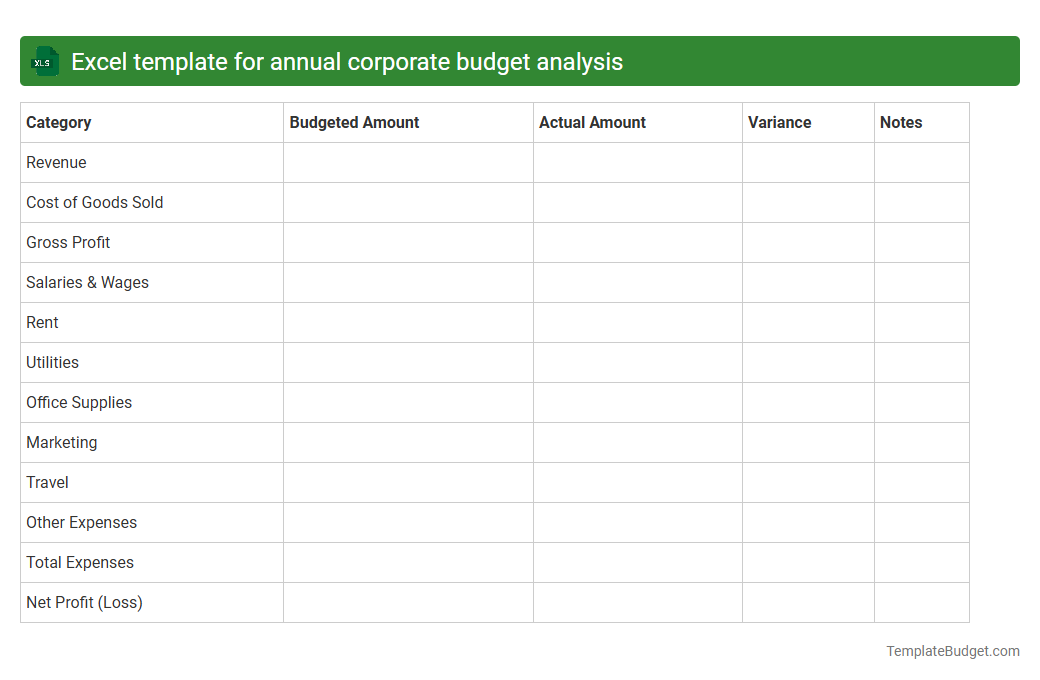 Excel template for annual corporate budget analysis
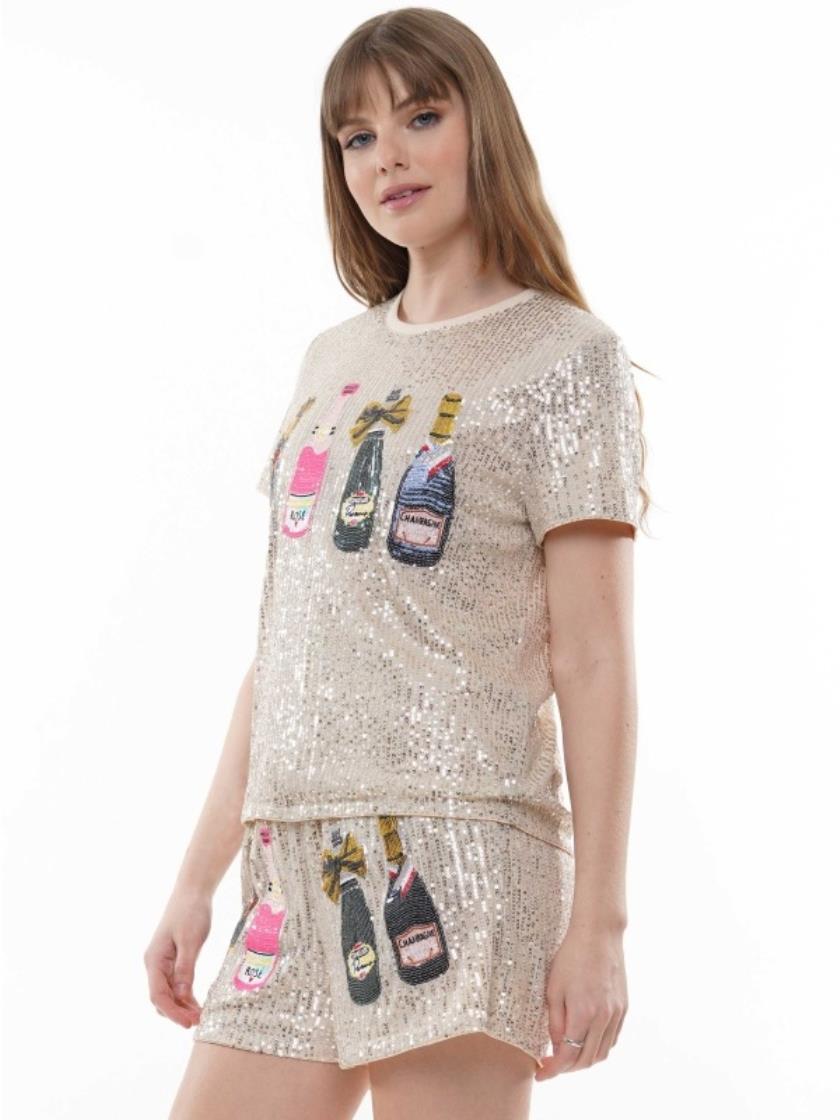 Champagne Sequin Top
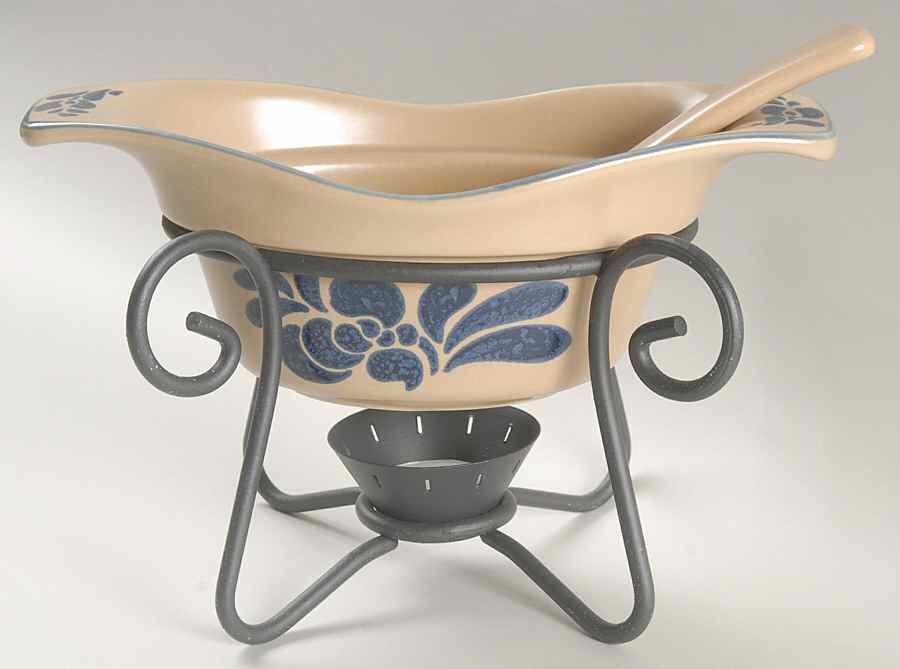 Folk Art Gravy Server & Ladle & Metal Stand by Pfaltzgraff-1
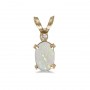 14k Yellow Gold Oval Opal And Diamond Filagree Pendant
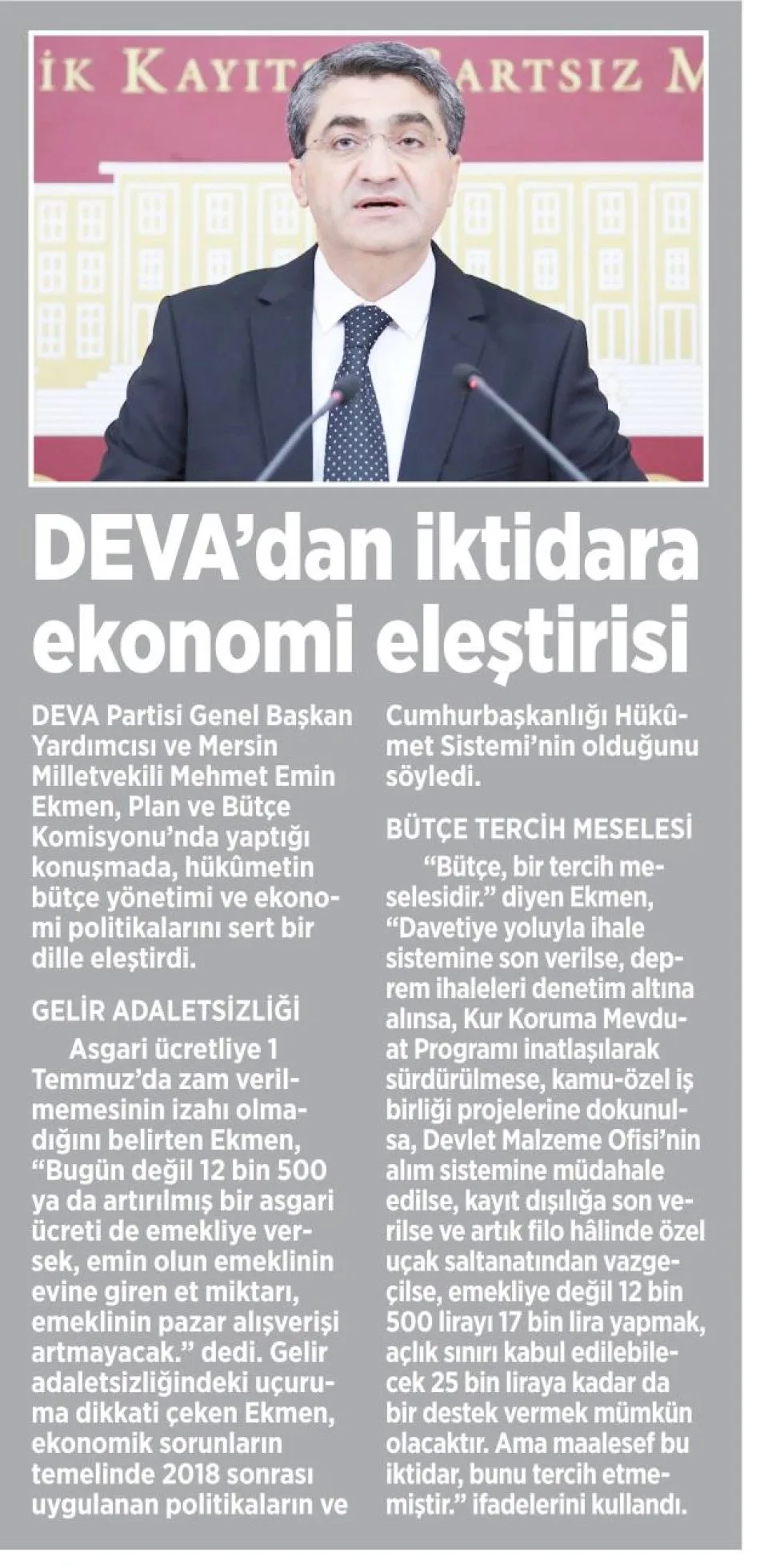 DEVA'DAN İKTİDARA EKONOMİ ELEŞTİRİSİ — gazete kupürü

## [Instructions to follow]
Begin at the line containing "Folk Art Gravy" and write out every line to the end of the data exactly. Skip the pictures.

## [Reply to the task]
 Folk Art Gravy Server & Ladle & Metal Stand by Pfaltzgraff-1
 14k Yellow Gold Oval Opal And Diamond Filagree Pendant
 DEVA'DAN İKTİDARA EKONOMİ ELEŞTİRİSİ — gazete kupürü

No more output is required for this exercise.